**Exercise objective:**
The required output is the exact run of lines from the one bearing "Cuchillo de mesa" through the final line of the listing below, with the pictures removed.

**The records:**

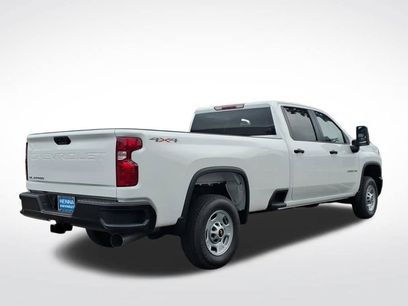 New 2026 Chevrolet Silverado 2500 W/T w/ WT Convenience Package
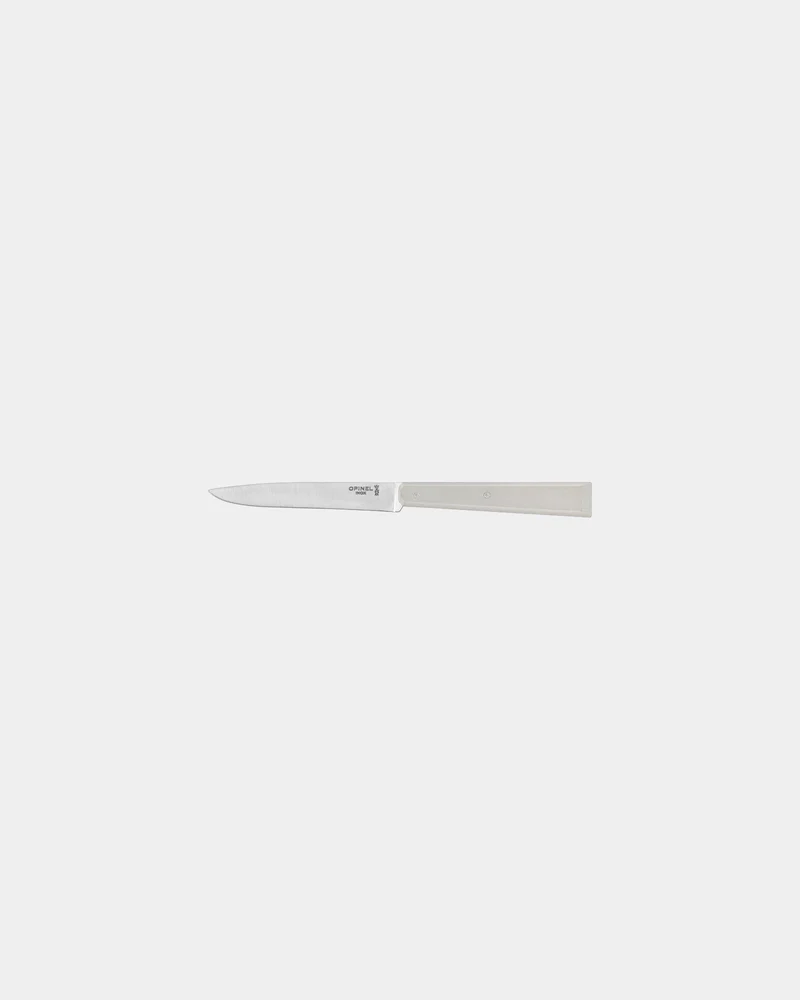 Cuchillo de mesa acero Opinel N°125 para personalizar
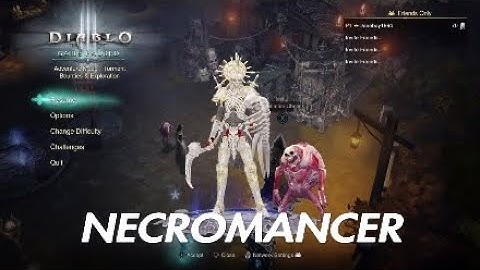 Diablo 3 - Which Class Is Right For You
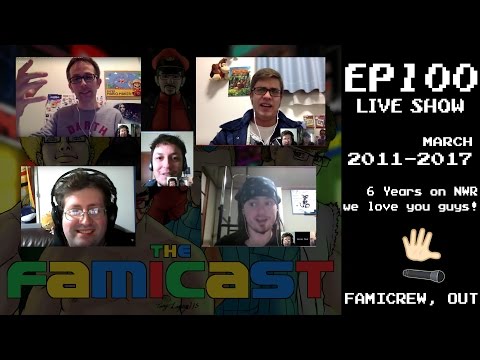 Famicast 100 - (Video version) FAMICREW, OUT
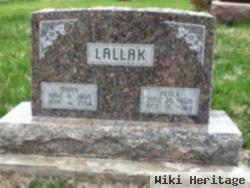 Mary Wisner Lallak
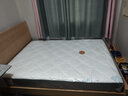 全友家居 环保椰棕偏硬弹簧床垫1.5x2米双人护脊席梦思床垫子105190 实拍图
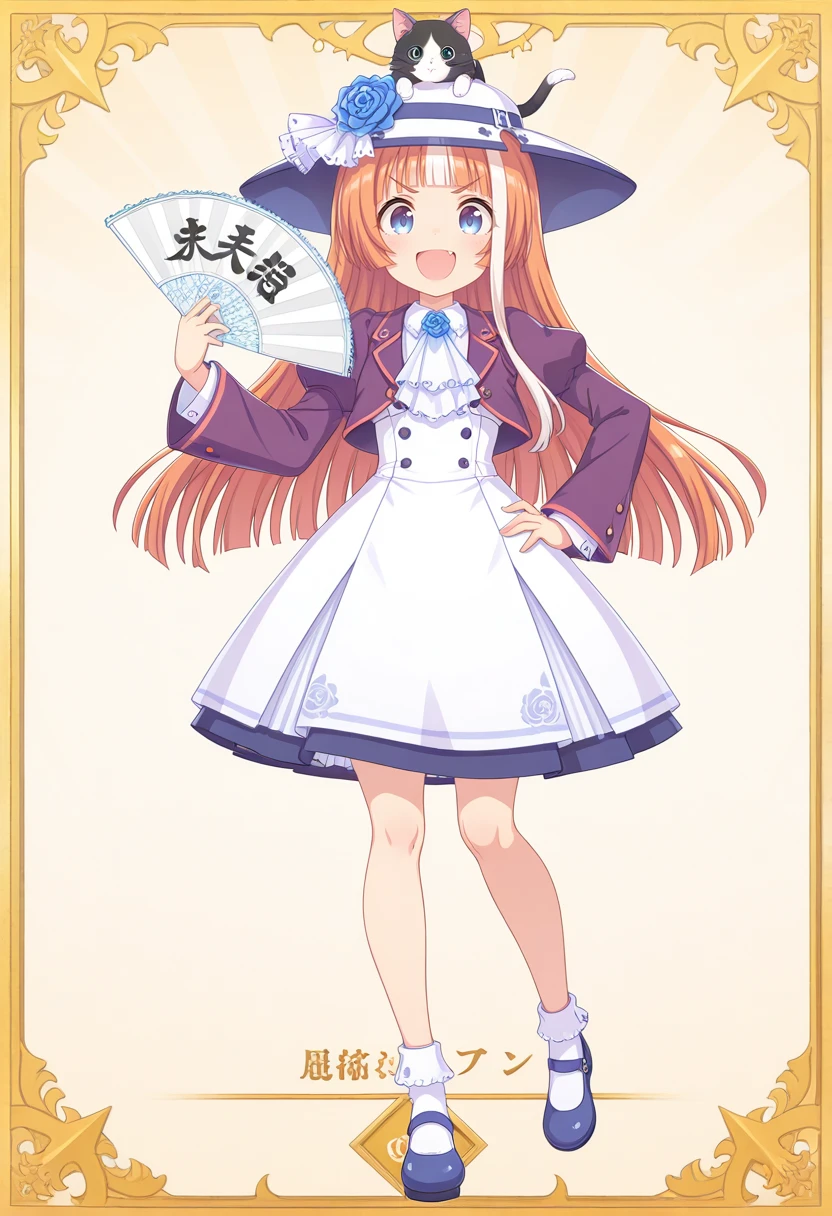 Akikawa Yayoi ~ Umamusume: Pretty Derby | Illustrious v1.0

**Answer to this task:**
 Cuchillo de mesa acero Opinel N°125 para personalizar
 Diablo 3 - Which Class Is Right For You
 Famicast 100 - (Video version) FAMICREW, OUT
 Mary Wisner Lallak
 全友家居 环保椰棕偏硬弹簧床垫1.5x2米双人护脊席梦思床垫子105190 实拍图
 Akikawa Yayoi ~ Umamusume: Pretty Derby | Illustrious v1.0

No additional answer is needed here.